Mein voriges Buch war der Simplicissimus, ich wollte mich mit Kriegsbeschreibungen beschäftigen. Außerdem wollte ich meinen ausgefallenen Armenien-Urlaub nachholen. Doch was mir Tolstoj bot, führte immer wieder dazu, dass ich beim Lesen einschlief. Und in Lockdown-Zeiten brauche ich etwas, was mich bei der Stange hält oder gute Laune macht.

Weder grandiose Landschaftsbeschreibungen noch Kriegsgeschehnisse, die ich vorher noch nicht kannte, konnte diese Buch mir liefern.

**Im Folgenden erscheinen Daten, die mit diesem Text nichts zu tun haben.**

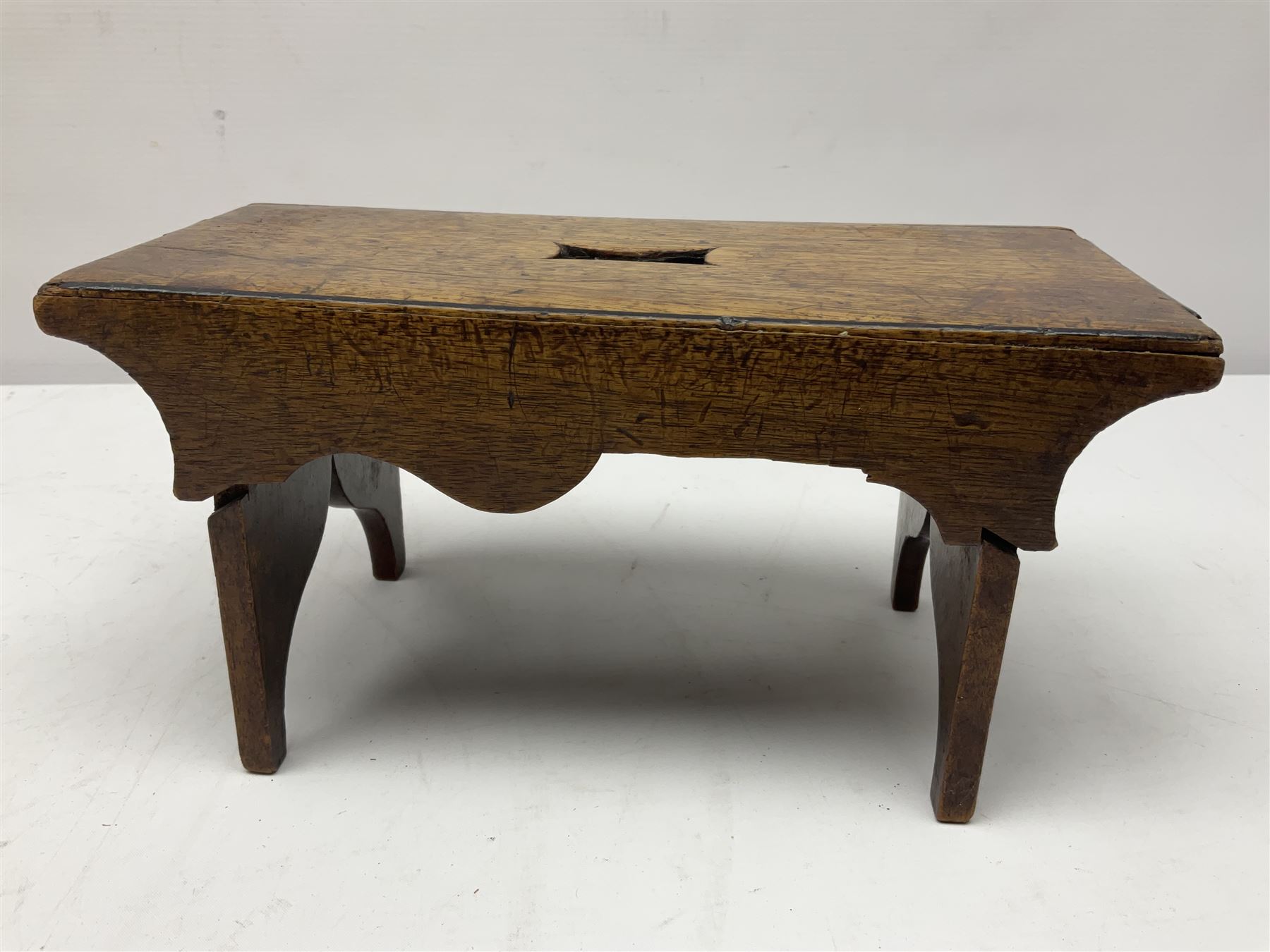 19th century oak miniature apprentice vernacular stool, H13.5cm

Es mag ja sein, dass Tolstoj im Kaukasus der beliebteste russische Schriftsteller ist, weil er die kaukasischen Helden positiv darstellt, ich habe nach 108 Seiten die Waffen gestreckt. 1 Stern

Bewertung vom 20.01.2021
Der abenteuerliche Simplicissimus Deutsch
Grimmelshausen, Hans Jakob Christoph von

Der abenteuerliche Simplicissimus Deutsch


sehr gut

Lebensbeschreibung im 30jährigen Krieg

Wer wissen will, wie die Menschen im 30jährigen Krieg gelebt haben, der sollte dieses Buch lesen. Anfangs ziemlich realistisch – mein Favorit ist die Flöheplage unter der Ritterrüstung – entgleitet dieses Buch mehr und mehr bis es schließlich in der Unterwasserwelt des Mummelsees landet. Auch das ist nicht uninteressant, sagt es doch etwas über die Sagenwelt der frühen Neuzeit.

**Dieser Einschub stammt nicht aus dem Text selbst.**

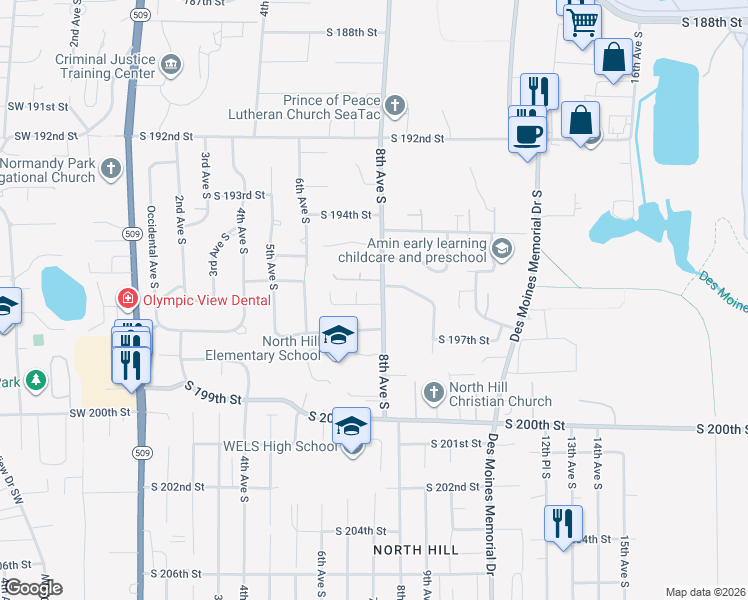 map of restaurants, bars, coffee shops, grocery stores, and more near 19609 8th Avenue South in Des Moines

Angefügt an die fünf Bücher ist die Continuatio, die nicht mehr vom Krieg handelt, sondern von Simplicissimus Pilgerreise nach Jerusalem, die – so viel darf verraten werden – ihr Ziel nicht erreicht.

Da ich das Buch hauptsächlich gelesen habe, weil ich etwas über das Kriegsleben erfahren wollte, fehlte mir am Ende ein wenig die Motivation. Deswegen nur 4 Sterne.

1 von 1 Kunden fanden diese Rezension hilfreich.

Bewertung vom 22.12.2020
Aus der Zuckerfabrik
Elmiger, Dorothee

Aus der Zuckerfabrik


schlecht

Gattungsmischmasch

Ich nehme mir immer vor, wenigstens die Bücher der Shortlist des Deutschen Buchpreises zu lesen. Es wird wohl Ostern werden bis ich meinen Plan vollendet haben.

Ursprünglich glaubte ich in diesem Buch tatsächlich einen Roman über die Missstände des Zuckeranbaus zu finden. Aber es ist kein Roman.

Als ich Anfang Dezember Aphorismen von Lichtenberg gelesen habe, hoffte ich dann hier ähnliches zu finden. Aber es sind keine Aphorismen.

Dann sah ich den Kommentar von Elke Heidenreich im Literaturclub. Sie würde im Gegensatz zu Denis Scheck aus Respekt vor dem Autor schlechte Bücher nicht in die Tonne werfen. Na gut, dann nicht. Bis S.61 tapfer durchgehalten, aber es gilt die Regel: angefangenes Buch = 1 Stern

1 von 1 Kunden fanden diese Rezension hilfreich.

Bewertung vom 21.12.2020
Serpentinen
Bjerg, Bov

Serpentinen


sehr gut

Satirischer Selbstmordroman

Was wie ein Widerspruch klingt, verbindet dieses Buch meisterhaft. Der düsteren Ton ist zumindest anfangs von zahlreichen Pointen durchsetzt und sehr witzig: „Urgroßvater, Großvater, Vater. Ertränkt, erschossen, erhängt. Zu Wasser, zu Lande und in der Luft.“ (5)
Ständige Nazivergleiche: „Ich sah Autobahnen und dachte: Nazis.
Ich sah Gleise und dachte: Deportationen." (14) , ja selbst das Üben des Einmaleins endet so.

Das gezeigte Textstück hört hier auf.